She also testified that the Settlement Agreement language was drafted by the
capital beneficiary’s lawyers and she verified that it indeed tracked the
language of subsections 106(2) and (3).
[15]
The taxpayer had
obtained a professional valuation of her life interest at 4 to 6 million
dollars prior to agreeing to the settlement. The taxpayer testified she
understood that the amount provided for in the Settlement Agreement was to be
received free of tax in the circumstances and could thus equate
1.7 million dollars after tax with the 3 million dollars plus she was
seeking as her minimum given the pre‑tax valuation she had obtained.
[16]
The settlement provided
for in the Settlement Agreement was implemented in accordance with a
Termination Agreement. The Termination Agreement signed by the two
beneficiaries and the trustee of the trust provided for the termination of the
trust following the payment to the income beneficiary of 1.7 million
dollars, such payment to be made out the capital of the trust.
[17]
Upon the closing of the
transactions, the trust sold its shares of Swiss Herbal to a numbered company
owned, directly or indirectly, by Barbara McKerrell and/or her husband in
exchange for a promissory note for an amount in excess of 1.7 million
dollars. The closing of the transactions provided for in the Termination
Agreement were coordinated by two major national law firms. The trust then
issued to the taxpayer a promissory note for 1.7 million dollars. The trust’s
law firm provided a certified trust cheque payable to the taxpayer in the
amount of 1.7 million dollars to discharge and cancel the trust’s
promissory note and the trust was thereafter wound up by the remaining sole
beneficiary, Barbara McKerrell. These transactions were all executed and
closed in escrow pending completion of all of the steps. There was no specified
ordering of the listed transactions. It is entirely clear on the evidence that
the trust legally disposed of the shares and became the owner of the numbered
company purchaser’s promissory note, that the trust then issued its promissory
note to the taxpayer and, by proper and valid directions to the numbered
company, paid 1.7 million dollars to the taxpayer in reduction of the
numbered company’s promissory note to the trust. There is no evidence
whatsoever to the contrary.
II. Law
[Income Tax
Act]
106(2)
Disposition by taxpayer of income interest — Where
in a taxation year a taxpayer disposes of an income interest in a trust,
(a) except where subsection (3) applies to the
disposition, there shall be included in computing the taxpayer’s income for
the year the amount, if any, by which
(i) the proceeds
of disposition
exceed
(ii) where that interest includes a right to enforce payment of an
amount by the trust, the amount in respect of that right that has been
included in computing the taxpayer’s income for a taxation year because of
subsection 104(13);
(b) any taxable capital gain or allowable capital loss of
the taxpayer from the disposition shall be deemed to be nil; and
(c) for greater certainty, the cost to the taxpayer of each
property received by the taxpayer as consideration for the disposition is the
fair market value of the property at the time of the disposition.

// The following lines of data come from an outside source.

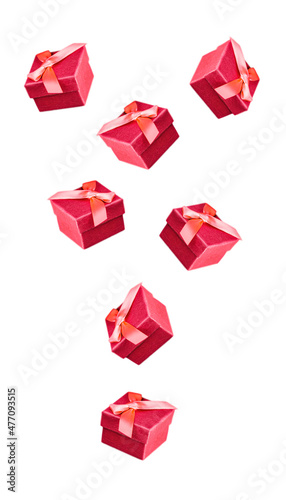 Red presents falling on white solid background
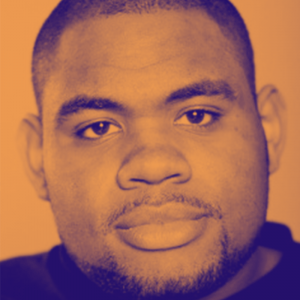 A man with a short trimmed beard and shaved head looks onto the camera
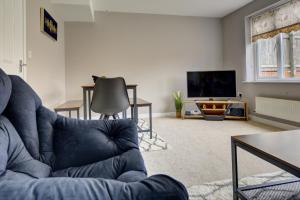 a living room with a blue couch and a television at Tudor Close in Sheffield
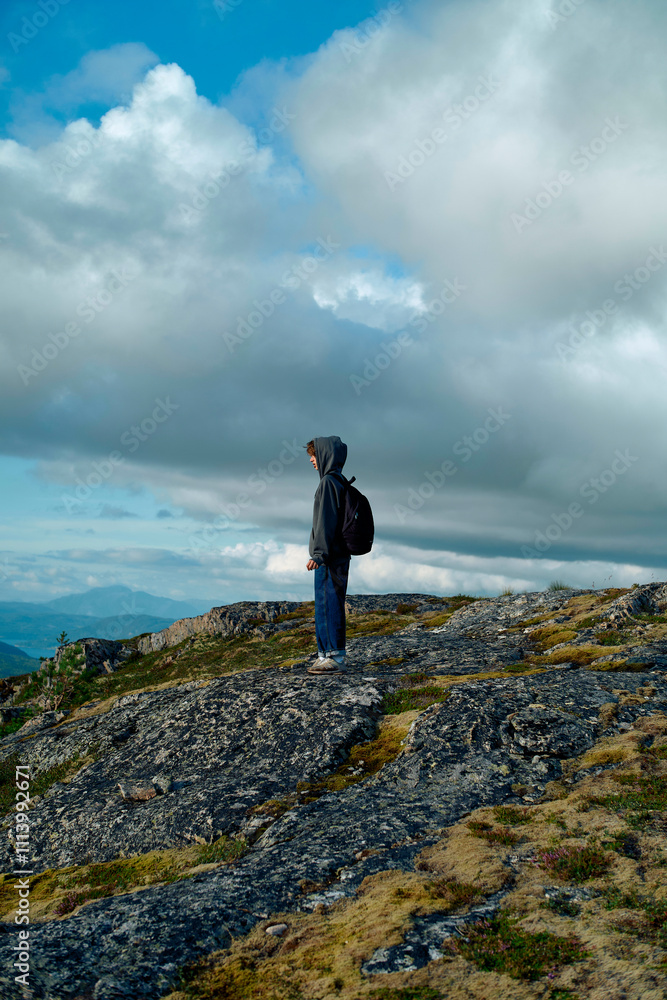 A person in a hoodie and backpack stands on a rocky hilltop overlooking a sweeping landscape under a cloudy sky. A person in a hoodie and backpack stands on a rocky hilltop overlooking a sweeping landscape under a cloudy sky.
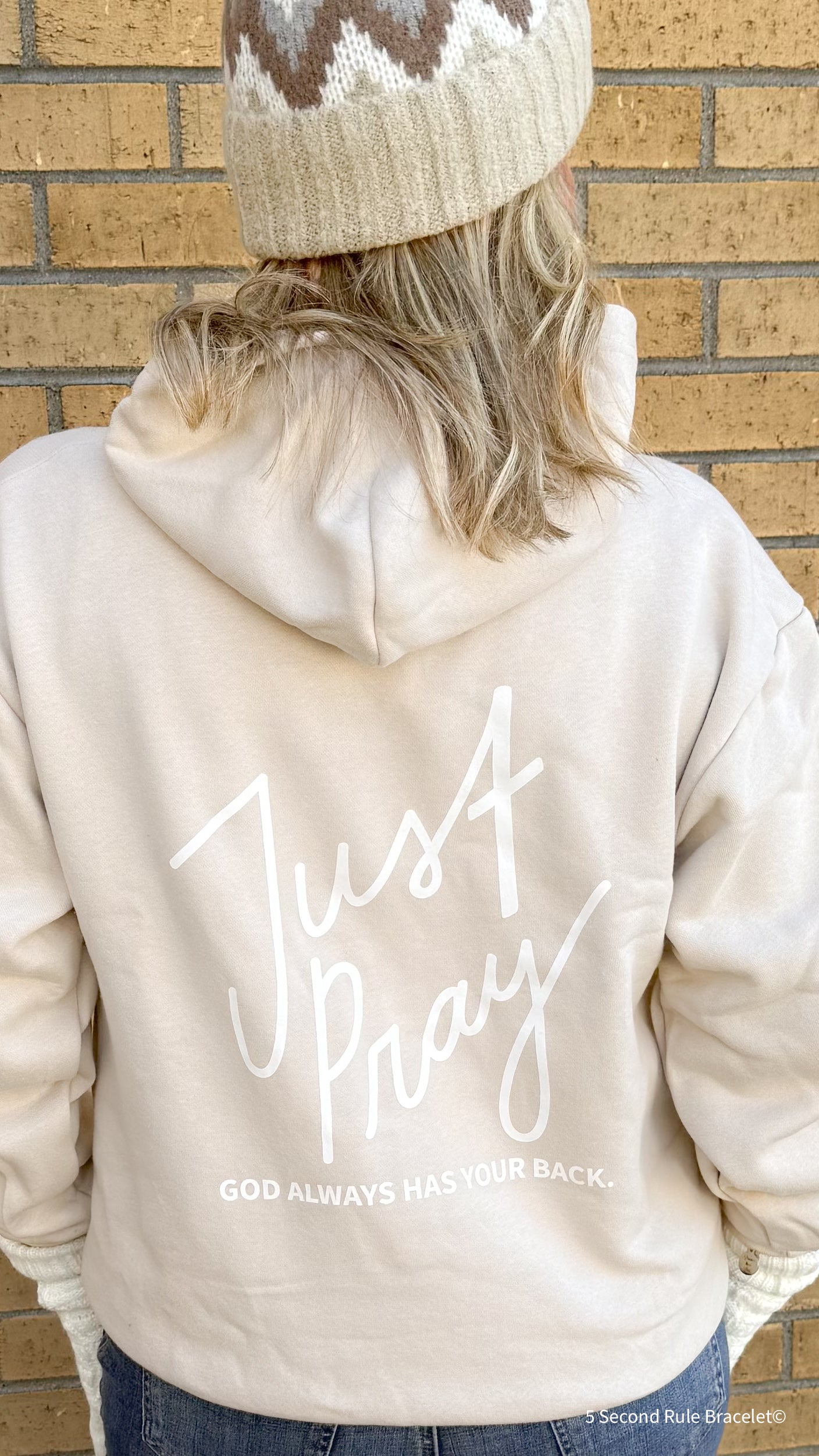 Person wearing a beige hoodie with 'Just Pray' text on the back against a brick wall.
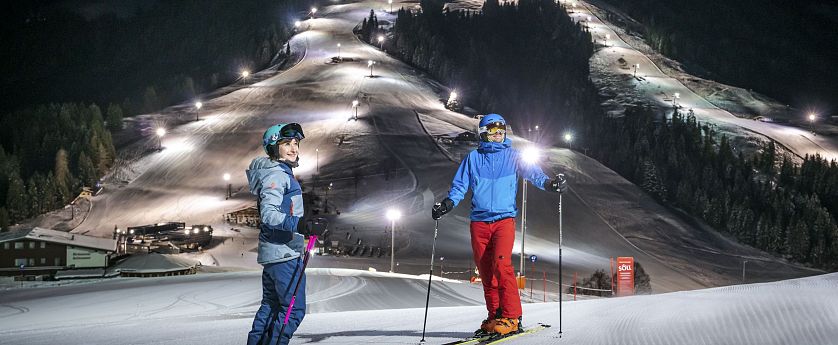 Zwei Skifahrer stehen auf präparierter Piste im beleuchteten Nachtskigebiet Söll. Im Hintergrund die beleuteten Skipisten zu sehen.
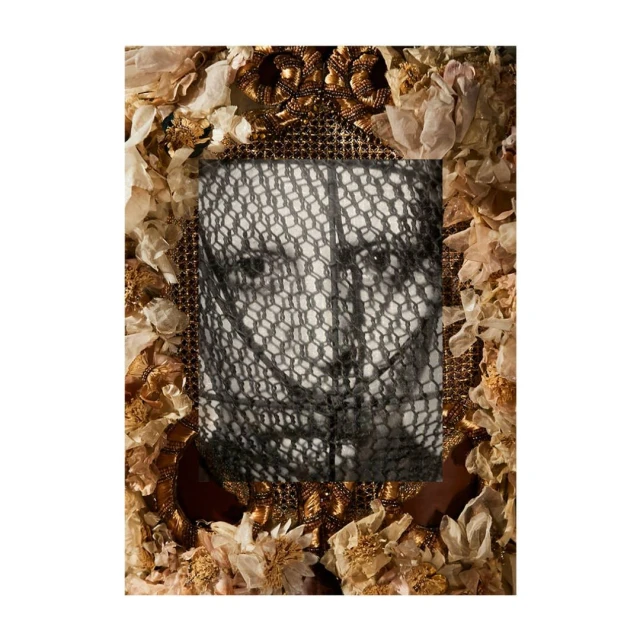 Close-up portrait of a person framed with gilded materials and fabric flowers, with a black lace covering the face.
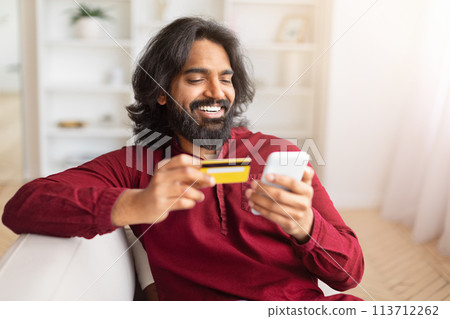 Happy man shopping online with card at home 113712262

106(3) Proceeds of disposition of income interest — For greater certainty, where at any time any property of a
trust has been distributed by the trust to a taxpayer who was a beneficiary
under the trust in satisfaction of all or any part of the taxpayer’s income
interest in the trust, the trust shall be deemed to have disposed of the
property for proceeds of disposition equal to the fair market value of the
property at that time.
|
106(2)
Disposition par un contribuable d’une participation au revenu — Lorsque, au cours d’une année d’imposition, un contribuable
dispose d’une participation au revenu d’une fiducie, les règles suivantes
s’appliquent :
a) sauf dans le cas où le paragraphe
(3) s’applique à la disposition, l’excédent éventuel du montant visé au
sous-alinéa (i) sur le montant visé au sous-alinéa (ii) doit être
inclus dans le calcul du revenu du contribuable pour l’année :
(i) le produit de disposition,
(ii) si la participation en question comprend le droit d’exiger de
la fiducie le versement d’une somme, le montant relatif à ce droit qui a été
inclus dans le calcul du revenu du contribuable pour une année d’imposition
par l’effet du paragraphe 104(13);
b) le montant de tout gain en capital
imposable et de toute perte en capital déductible du contribuable, provenant
de la disposition, est réputé nul;
c) il est entendu que le coût supporté
par le contribuable pour chaque bien qu’il a reçu en contrepartie de la
disposition est la juste valeur marchande de chaque bien au moment de la
disposition.
106(3) Produit
de disposition d’une participation au revenu — Il
est entendu que, lorsque, à un moment donné, un bien appartenant à une
fiducie a été attribué par celle-ci à un contribuable qui était bénéficiaire
de cette fiducie, à titre de contrepartie totale ou partielle de sa
participation au revenu de la fiducie, la fiducie est réputée avoir disposé
du bien moyennant un produit égal à la juste valeur marchande du bien à ce
moment.
|
III. Positions of the Parties
[18]
It is the taxpayer’s
position that the exception to the application of paragraph 106(2)(a),
where subsection 106(3) applies to the disposition of the income interest by
the taxpayer, applies in this case. Subsection 106(3) applies when
property of the trust has been distributed by the trust in satisfaction of all
or any part of the taxpayer’s income interest in the trust. It is the
taxpayer’s position that each of these three requirements is met: (i) that
the 1.7 million dollars received by the taxpayer from the trust was property
of the trust when paid; (ii) that the payment constituted a distribution
by the trust of that property; and (iii) that this was in satisfaction of
all of her income interest in the trust.
[19]
It is the respondent’s
position that (i) the 1.7 million dollars received by the taxpayer
was property of the BC numbered company when the appellant received it, as the
cash had never been held by the trust but directions were used instead; and
(ii) the 1.7 million dollars was not distributed to the taxpayer,
rather the trust’s property, being the Swiss Herbal shares, was distributed in
favour of Barbara McKerrell. In support of the latter position, the respondent
maintains that the property was not distributed in accordance with the terms of
the trust, therefore could not have been distributed in satisfaction of the
taxpayer’s income interest in the trust, and the rule in Saunders v. Vautier
does not permit the amendment of the trust to provide for such a distribution
right or obligation. Further, the rule in Saunders v. Vautier could not
apply to the transactions implemented in accordance with the Termination
Agreement and the Settlement Agreement, and the trustee of the trust thereby
was not acting in accordance with her fiduciary obligations, when the trust
paid the amount to the taxpayer prior to the trust being wound up.
[20]
The Crown relies very
heavily upon the Federal Court of Appeal’s decision in Chan v. The Queen,
2001 FCA 302, 2001 DTC 5570, which upheld the Tax Court’s
decision, 99 DTC 1215.
IV. Analysis
[21]
I am entirely satisfied
on the evidence that the 1.7 million dollars received by the taxpayer from
the trust was property of the trust. There is no evidence to the contrary.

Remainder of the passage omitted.